__Requirement__.
Below is a listing. Quote from it, exactly, the lines from the one containing "Awelife water pause" down to the one containing "Tropical Watercolors of", both ends included, and nothing else.

__Supplied data__.
****************

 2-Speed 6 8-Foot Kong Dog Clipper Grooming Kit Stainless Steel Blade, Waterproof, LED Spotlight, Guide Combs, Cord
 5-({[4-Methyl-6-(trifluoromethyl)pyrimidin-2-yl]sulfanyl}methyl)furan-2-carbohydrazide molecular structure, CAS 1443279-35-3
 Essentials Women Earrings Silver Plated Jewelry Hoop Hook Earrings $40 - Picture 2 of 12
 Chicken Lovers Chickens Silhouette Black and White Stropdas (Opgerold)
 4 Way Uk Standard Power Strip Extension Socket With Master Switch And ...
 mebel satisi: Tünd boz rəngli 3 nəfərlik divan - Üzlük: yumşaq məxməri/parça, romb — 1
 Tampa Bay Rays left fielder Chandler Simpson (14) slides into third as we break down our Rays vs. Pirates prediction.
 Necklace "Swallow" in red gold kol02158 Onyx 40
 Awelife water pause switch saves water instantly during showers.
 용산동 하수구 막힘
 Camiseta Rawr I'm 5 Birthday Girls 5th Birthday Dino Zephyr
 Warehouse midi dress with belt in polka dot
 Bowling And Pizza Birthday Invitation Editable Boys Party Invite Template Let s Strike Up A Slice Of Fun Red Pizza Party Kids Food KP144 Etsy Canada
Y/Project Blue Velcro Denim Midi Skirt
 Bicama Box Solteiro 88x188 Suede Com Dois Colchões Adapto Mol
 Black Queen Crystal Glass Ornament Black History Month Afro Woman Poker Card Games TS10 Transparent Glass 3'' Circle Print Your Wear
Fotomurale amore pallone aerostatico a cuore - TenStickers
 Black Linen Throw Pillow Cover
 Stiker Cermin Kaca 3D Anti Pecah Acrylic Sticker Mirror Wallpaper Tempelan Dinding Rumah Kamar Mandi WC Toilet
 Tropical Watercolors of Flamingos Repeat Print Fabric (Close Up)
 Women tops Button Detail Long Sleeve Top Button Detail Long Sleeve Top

****************

__Written response__.
 Awelife water pause switch saves water instantly during showers.
 용산동 하수구 막힘
 Camiseta Rawr I'm 5 Birthday Girls 5th Birthday Dino Zephyr
 Warehouse midi dress with belt in polka dot
 Bowling And Pizza Birthday Invitation Editable Boys Party Invite Template Let s Strike Up A Slice Of Fun Red Pizza Party Kids Food KP144 Etsy Canada
Y/Project Blue Velcro Denim Midi Skirt
 Bicama Box Solteiro 88x188 Suede Com Dois Colchões Adapto Mol
 Black Queen Crystal Glass Ornament Black History Month Afro Woman Poker Card Games TS10 Transparent Glass 3'' Circle Print Your Wear
Fotomurale amore pallone aerostatico a cuore - TenStickers
 Black Linen Throw Pillow Cover
 Stiker Cermin Kaca 3D Anti Pecah Acrylic Sticker Mirror Wallpaper Tempelan Dinding Rumah Kamar Mandi WC Toilet
 Tropical Watercolors of Flamingos Repeat Print Fabric (Close Up)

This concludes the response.